MI theory makes its most important contribution to education on this point.  The theory stimulates teachers and students to be imaginative in selecting curricula, deciding how the curricula are to be taught or "delivered," and determining how student knowledge is to be demonstrated.  Sometimes, all students will be exposed to a variety of curricula or assessments.  At other times, certain students will learn and be assessed in one way, while other students—or even an individual student—will be instructed and assessed in other, more appropriate ways.  These practices have been routine in some endeavors: for example, individual arts or sports coaching, academic tutoring, and "special education" for students with learning problems or disabilities.  These students typically have difficulty mastering a subject, such as reading or mathematics, because they cannot learn in the "uniform way" available in their schools.  The only choices are to give up, assuming that the students are ineducable, or to teach in another way.  As we would now put it, the learning specialist must mobilize the students' spared intelligences so that they can learn, and can demonstrate that learning in ways that make sense to them.

Even those sympathetic to individually configured education doubt that it can be mobilized on a wide scale.  This vision may be right, they say, but it can be provided only to those who are wealthy or to those who qualify for special government-funded programs. (Indeed, in my community, some parents seek out a "learning-disabled" label just so their children can qualify for tutoring.)  It may be hard to think of individually configured education in a classroom with thirty or more students, not all of them as docile or motivated as one might like, but it is not impossible.   Among the possible strategies are the following:

·  Cull as much data a possible about how a particular child learns and share that knowledge with the teacher and with the child.  As children get older, they can provide much information and feedback themselves.

·  Allow students to remain with the same teacher(s) for several years, so that they can get to know one another very well.

·  Assign teachers and student flexibly, so that more compatible matches can be made.

·  Have an effective information-transmission system in the schools, so that the next year's teachers know as much as possible about their new students.  Also, make sure that the teachers have ready access to this information and can update it as needed.

·  Have older students work with younger students, or have students with compatible or complementary learning approaches work together.
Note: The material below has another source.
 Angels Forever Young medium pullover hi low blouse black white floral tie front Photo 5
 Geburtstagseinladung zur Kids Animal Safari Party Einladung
One fact will make individually configured education a reality in my lifetime: the ready availability of new and flexible technologies.  Already, it is possible to use technology to vary the presentation of important materials—from physics lessons to musical composition.  Such technology can also be "smart": It can adjust on the bases of earlier learning experiences, ensuring that a student receives lessons that are optimally and individually crafted.

Once parents learn that there are indeed several ways to teach most topics and most subjects, affluent families will acquire the materials for home use.  And pressures will mount for schools and teachers to have available, say, the "Eight Roads to Pythagoras" or the "Eight Paths to Plato."  No more will teacher say, "I have taught it well, and she could not learn it."  Rather, all involved in education will be motivated to find the ways that will work for this student learning this topic, and the results will be widely available in planning for future work.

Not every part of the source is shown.